PROVIDED INFORMATION
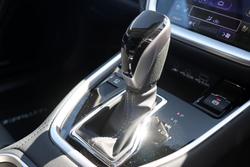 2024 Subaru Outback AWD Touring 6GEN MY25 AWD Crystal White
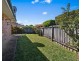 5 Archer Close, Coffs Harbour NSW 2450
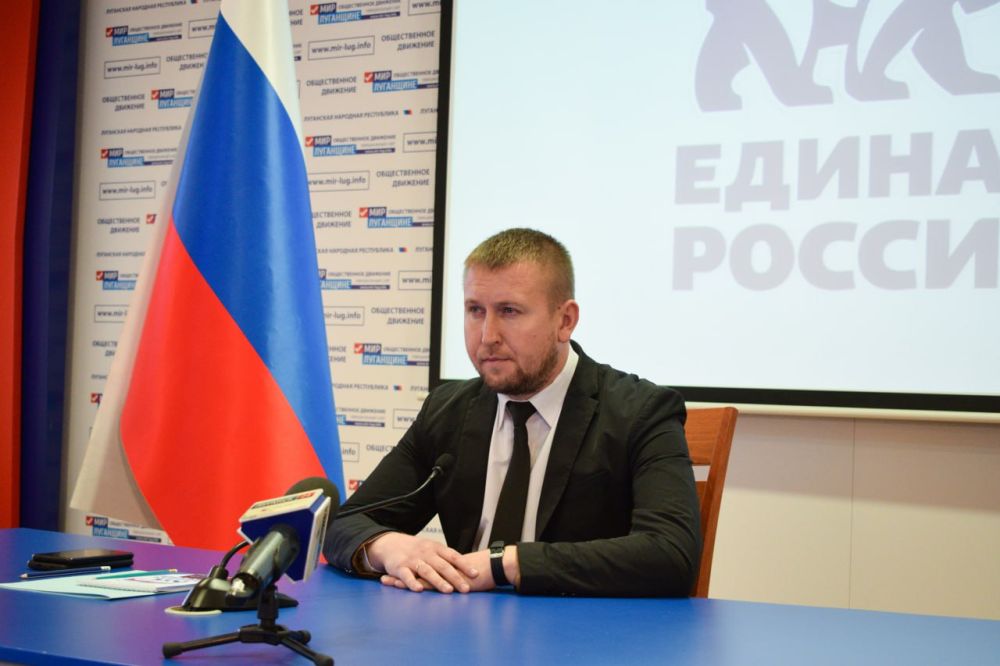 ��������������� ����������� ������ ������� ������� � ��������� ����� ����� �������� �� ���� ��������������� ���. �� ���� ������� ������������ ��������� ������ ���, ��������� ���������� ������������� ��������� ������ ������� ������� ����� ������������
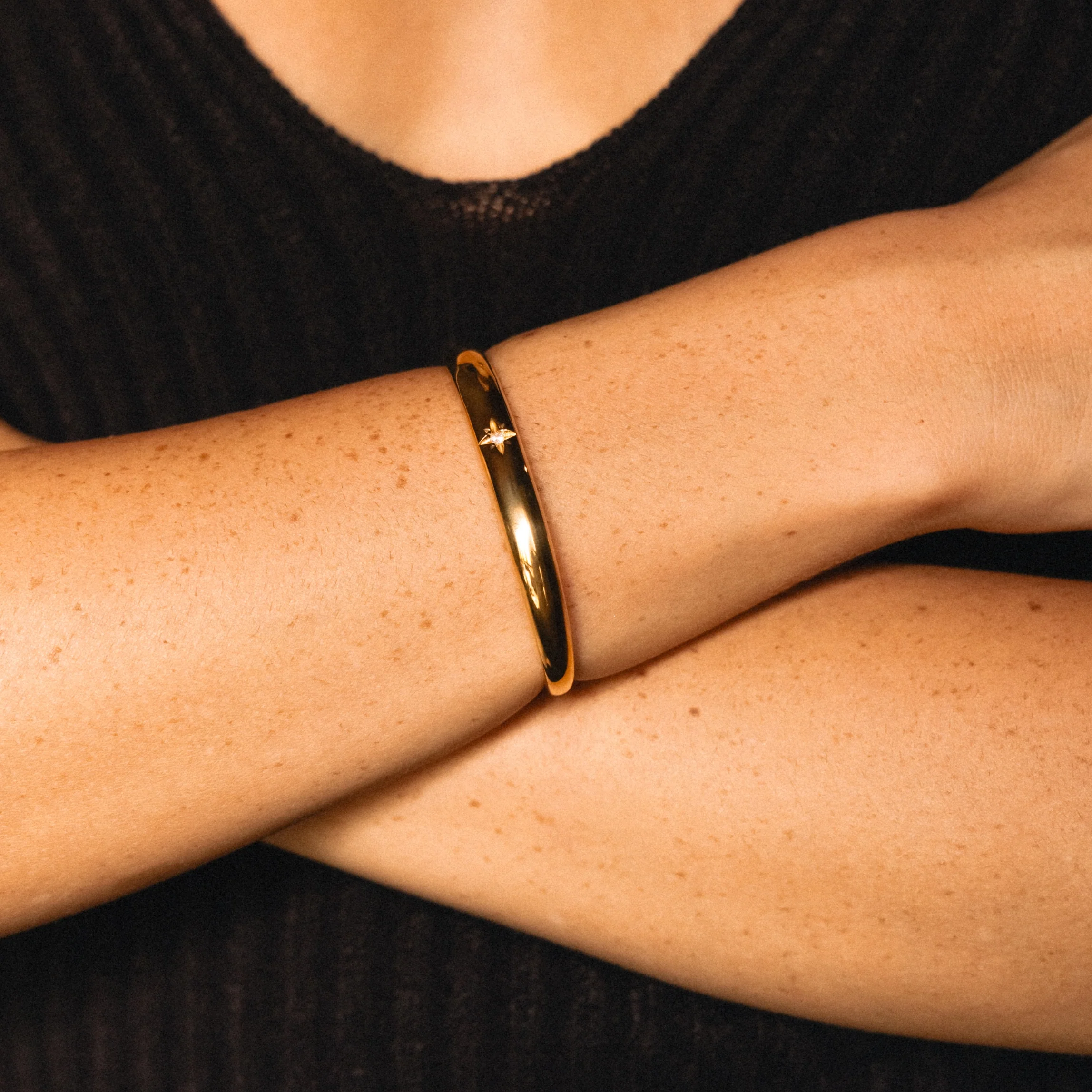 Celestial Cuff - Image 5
--
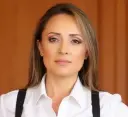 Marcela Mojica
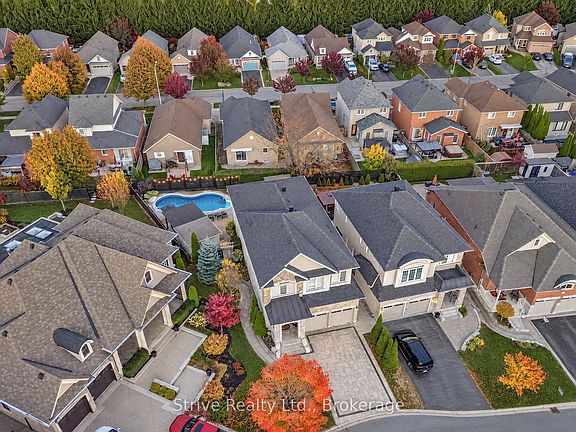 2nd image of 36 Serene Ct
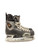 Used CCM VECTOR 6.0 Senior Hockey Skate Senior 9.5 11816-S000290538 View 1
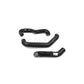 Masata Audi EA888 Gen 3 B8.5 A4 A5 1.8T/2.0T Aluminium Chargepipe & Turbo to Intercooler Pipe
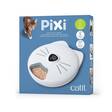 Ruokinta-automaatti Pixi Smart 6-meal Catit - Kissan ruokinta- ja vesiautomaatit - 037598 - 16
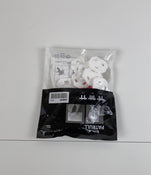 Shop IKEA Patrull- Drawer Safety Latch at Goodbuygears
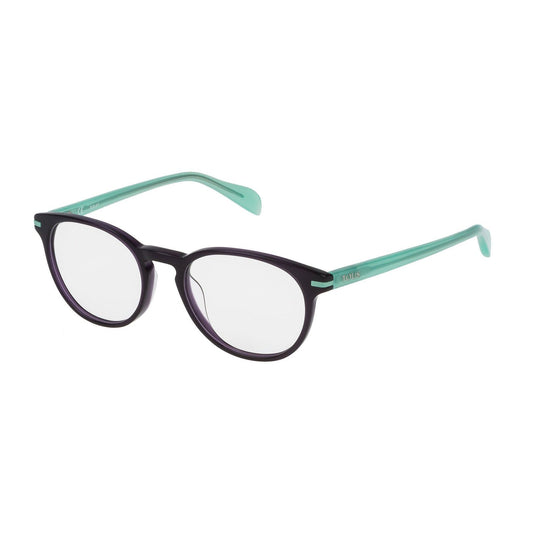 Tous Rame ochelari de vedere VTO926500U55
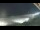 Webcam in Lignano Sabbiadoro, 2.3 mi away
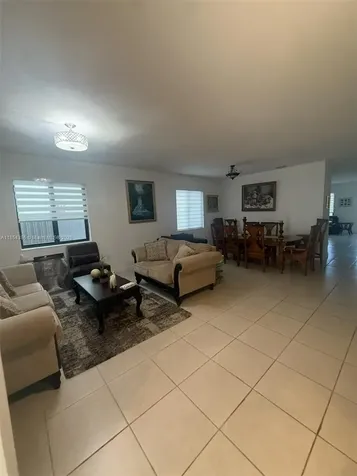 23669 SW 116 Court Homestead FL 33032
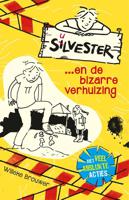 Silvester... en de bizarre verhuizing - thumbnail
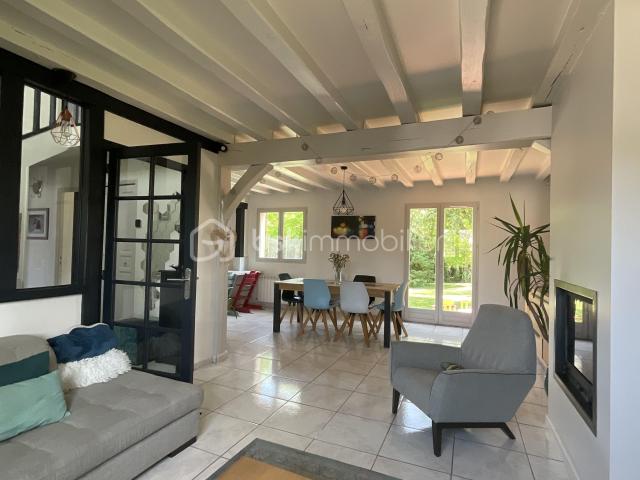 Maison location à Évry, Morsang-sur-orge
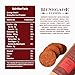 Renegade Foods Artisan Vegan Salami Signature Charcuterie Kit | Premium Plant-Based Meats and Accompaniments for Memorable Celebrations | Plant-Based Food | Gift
---
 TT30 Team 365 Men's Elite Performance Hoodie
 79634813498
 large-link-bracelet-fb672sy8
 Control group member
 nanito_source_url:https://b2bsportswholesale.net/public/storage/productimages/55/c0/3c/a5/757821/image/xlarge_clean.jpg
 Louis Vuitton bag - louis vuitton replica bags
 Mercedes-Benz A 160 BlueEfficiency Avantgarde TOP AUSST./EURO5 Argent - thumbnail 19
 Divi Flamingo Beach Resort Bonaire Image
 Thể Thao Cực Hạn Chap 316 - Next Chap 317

REQUIRED ACTION
Give back the exact lines above, running from the one that has "Shop IKEA Patrull- Drawer" through the one that has "Maison location à Évry, Morsang-sur-orge", with nothing added and no pictures.

YOUR RESPONSE
 Shop IKEA Patrull- Drawer Safety Latch at Goodbuygears
 Tous Rame ochelari de vedere VTO926500U55
 Webcam in Lignano Sabbiadoro, 2.3 mi away
 23669 SW 116 Court Homestead FL 33032
 Silvester... en de bizarre verhuizing - thumbnail
 Maison location à Évry, Morsang-sur-orge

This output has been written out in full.